Bahariyani Mareza | CNN Indonesia
Selasa, 23 Feb 2016 07:50 WIB
Kalau kalian selama ini tak pernah kesulitan memenuhi kebutuhan, bersyukurlah. Ada banyak anak yang kurang beruntung, sehingga harus bekerja.
Anak penjual tisu (CNN Indonesia/Bahariyani Mareza)
Jakarta, CNN Indonesia -- Sore itu di Stasiun Kereta Api Depok, terlihat sepasang anak laki-laki beralas kaki sandal jepit yang malu-malu menjajakan dagangan. “Kak beli tisunya dong,” ujar salah satu anak bernama Januar kepada seorang pejalan kaki.

Raut wajahnya polos. Mereka yang ditawari tisu kerap tak tega menolak. Tapi sore itu masih banyak tisu yang belum terjual.

Januar bercerita rata-rata bisa mendapatkan Rp100.000 per hari dengan berjualan tisu itu. Dia sudah berdagang sejak usia 6 tahun. Itu dilakukannya setelah pulang sekolah.

Temannya berjualan adalah Rian, yang memiliki tubuh lebih kecil.

Januar kini berusia 9 tahun dan duduk di kelas 3 SD di Sekolah Master Depok. Januar dan Rian suka berdagang di Stasiun Depok karena stasiun itu ramai dan banyak temannya di sana.

“Setiap hari ada aja yang ngasih buku, dan juga beli tisu jadinya senang main di sini, dari pada di rumah diem aja bosen,” kata Rian berceloteh dengan riang.

Tapi Januar tampak malu-malu. Rupanya ibunya juga berjualan di sekitar stasiun itu dan tampak lekat mengawasi Januar dari jauh. Sang ibu berjualan kopi.

Meski sehari-hari mengandalkan hidup dari berjualan tisu, Januar tak ragu bermimpi.
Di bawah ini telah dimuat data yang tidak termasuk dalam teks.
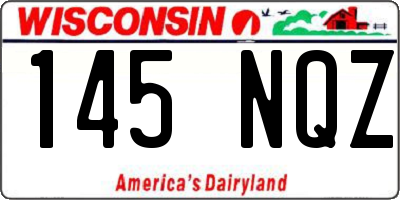 WI license plate 145NQZ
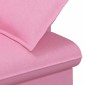 vidaXL Love seat με κουμπιά Ροζ 111 x 68 x 80 εκ. Ύφασμα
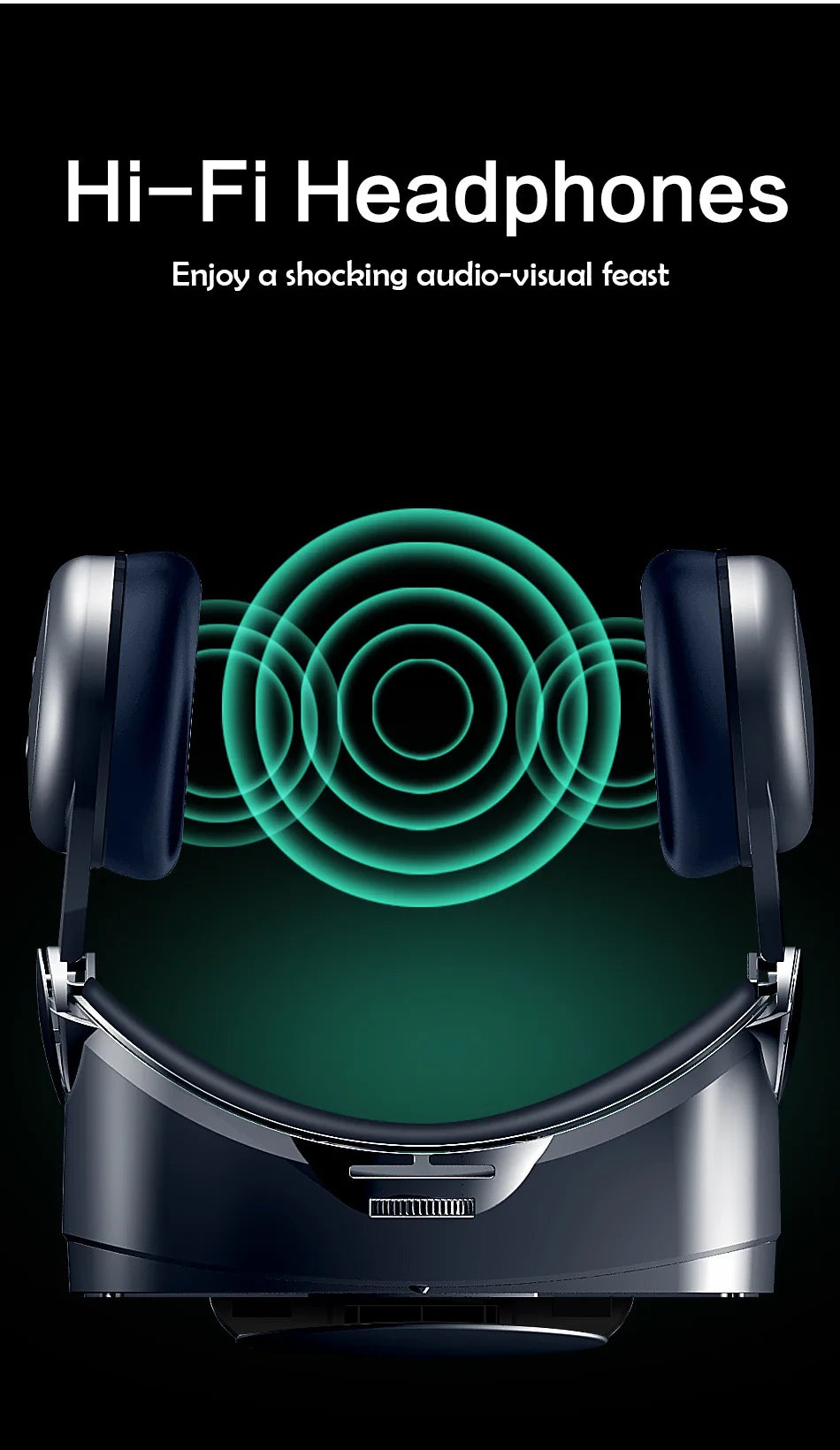 VR Headset for Smartphones - Immersive Wide Angle Smart Glasses Tidesmit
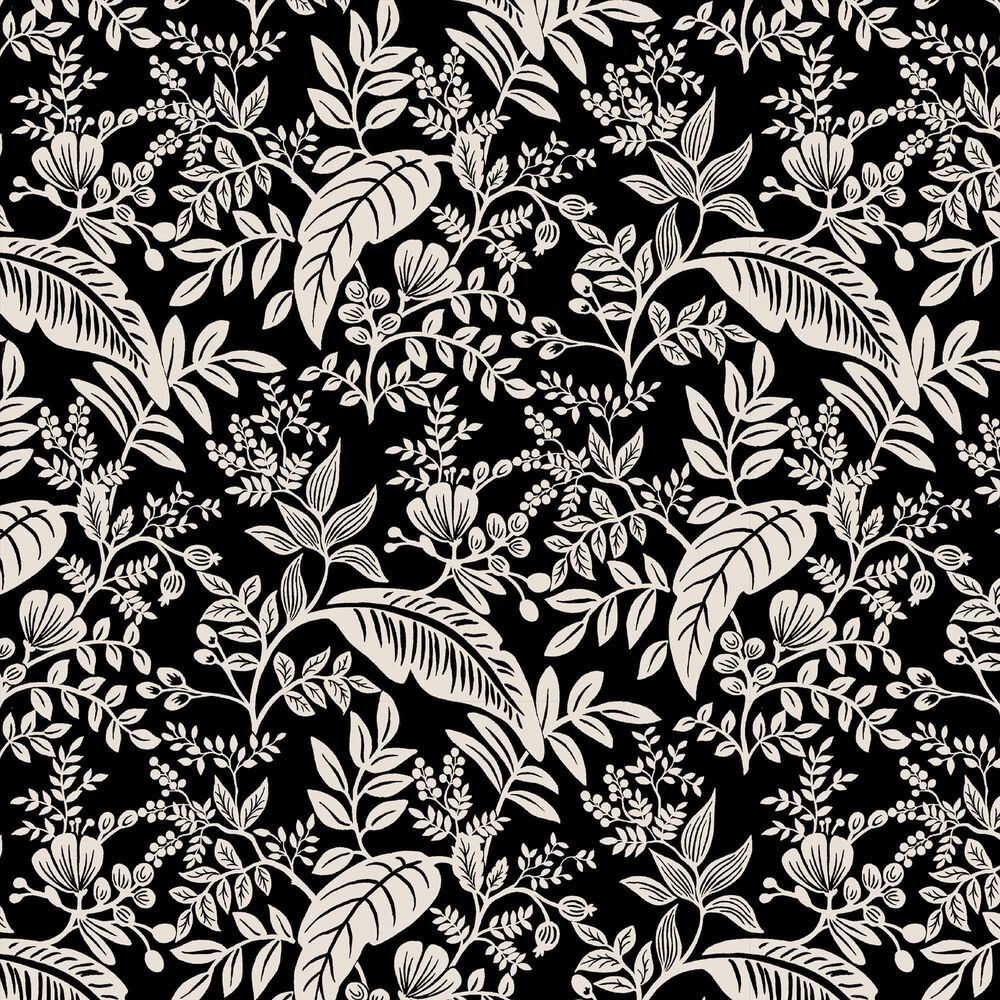 Rifle Paper Co Crafted by Cloth &amp; Company Elly Queen Headboard in Canopy Black/Cream, , large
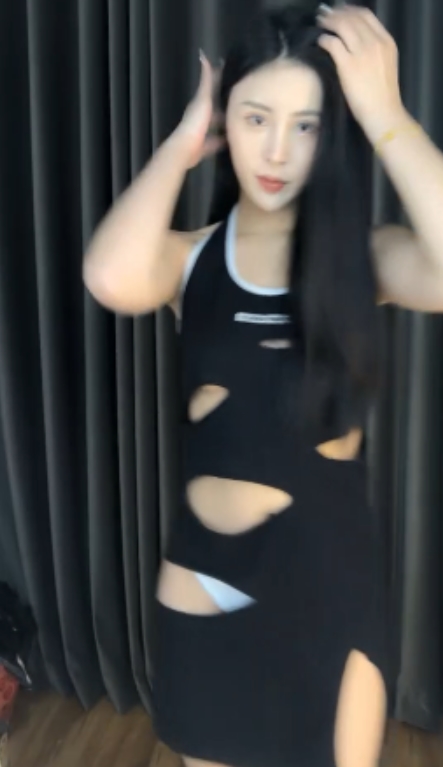 花椒平台热舞主播张公子(热芝芝、清清)直播26V600M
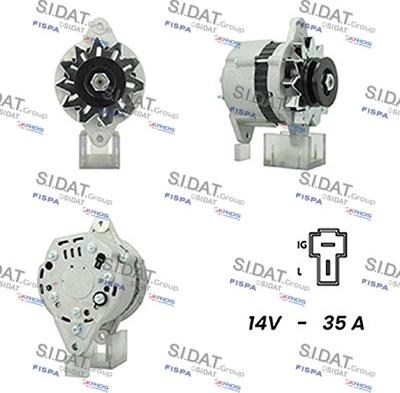 Sidat A12HT0366A2 - Alternator www.autospares.lv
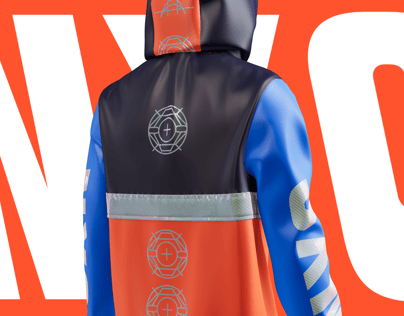 Jacket Mockup Anorak. 3D Model. Edit online free. ProVisual. 
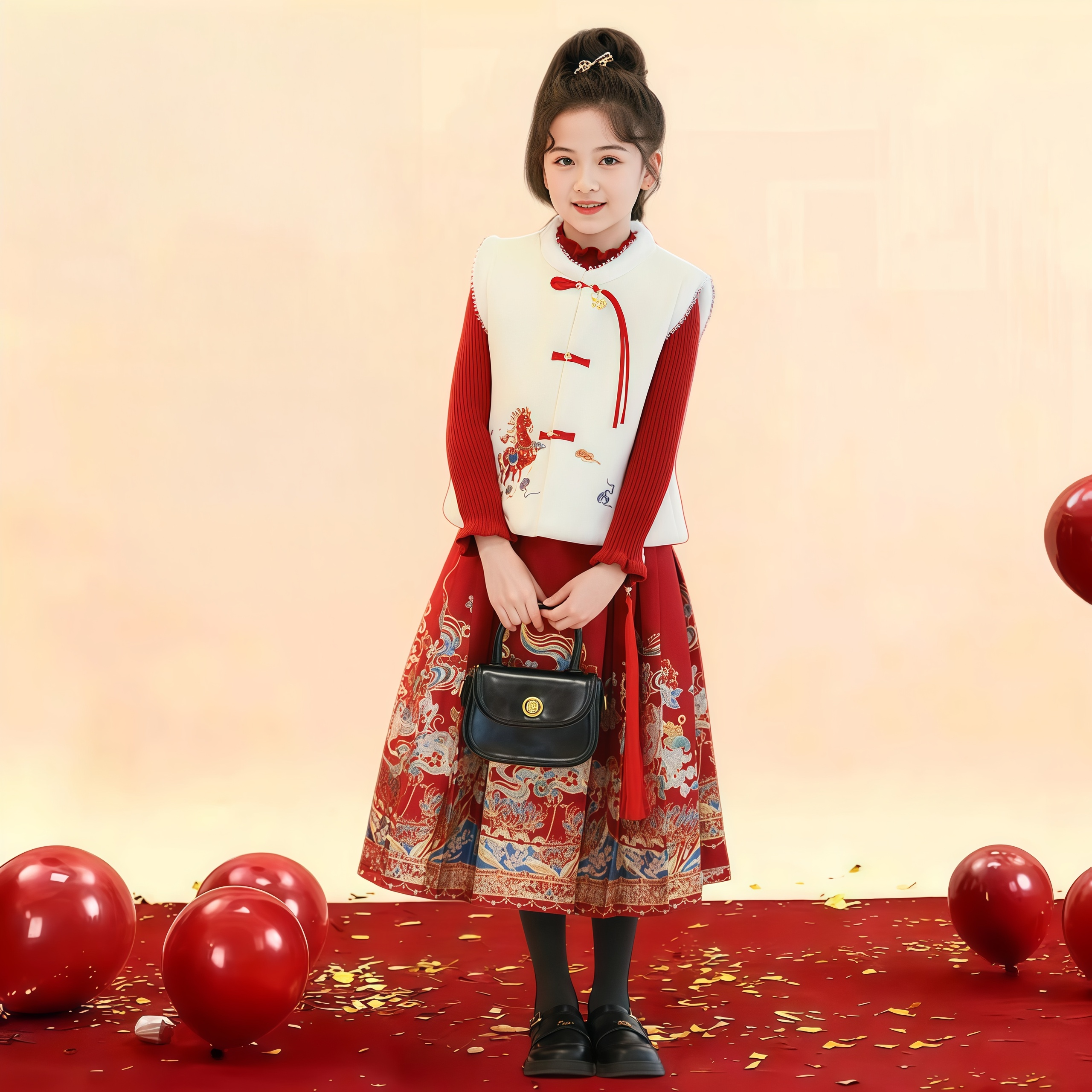 女童明制汉服冬装马面裙套装2026新款儿童拜年服中式国风新年衣服,童装/婴儿装/亲子装,汉服,淘宝优惠券,粉丝福利购,淘宝优惠卷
Dia bercita-cita sekolah yang tinggi dan menjadi masinis.

“Dulu bapak security di stasiun, tapi karena kalah saing enggak kerja lagi,” kata Januar. “Saya ingin jadi masinis supaya bapak bisa jadi security lagi.”

Adapun Rian ingin jadi tentara. Dia sudah berencana berhenti jualan tisu saat duduk di bangku SMP. “Tentara kan keren kak, nanti bisa nyamar, terus wajahnya dicemong-cemong sambil pegang pistol,” kata Rian, tentang cita-citanya.

Dalam sehari Januar dan Rian dapat menjual 80-100 pak tisu. Lalu mereka harus menyetor Rp50.000 ribu kepada orang yang mereka panggil “Bos”. Jadi, dalam sehari mereka mengantongi Rp30.000-Rp50.000.

Biasanya sebelum jam 20.00 tisu sudah habis, sehingga mereka tak pulang larut.

Anak-anak berdagang tisu tak hanya biasa ditemukan di stasiun. Mereka pun ada di perempatan-perempatan, atau di dekat lampu pengatur lalu lintas.

Usia mereka berjenjang di sekolah dasar. Orang tua mereka juga ikut berdagang sambil mengawasi mereka. Bahkan kebanyakan membiarkan.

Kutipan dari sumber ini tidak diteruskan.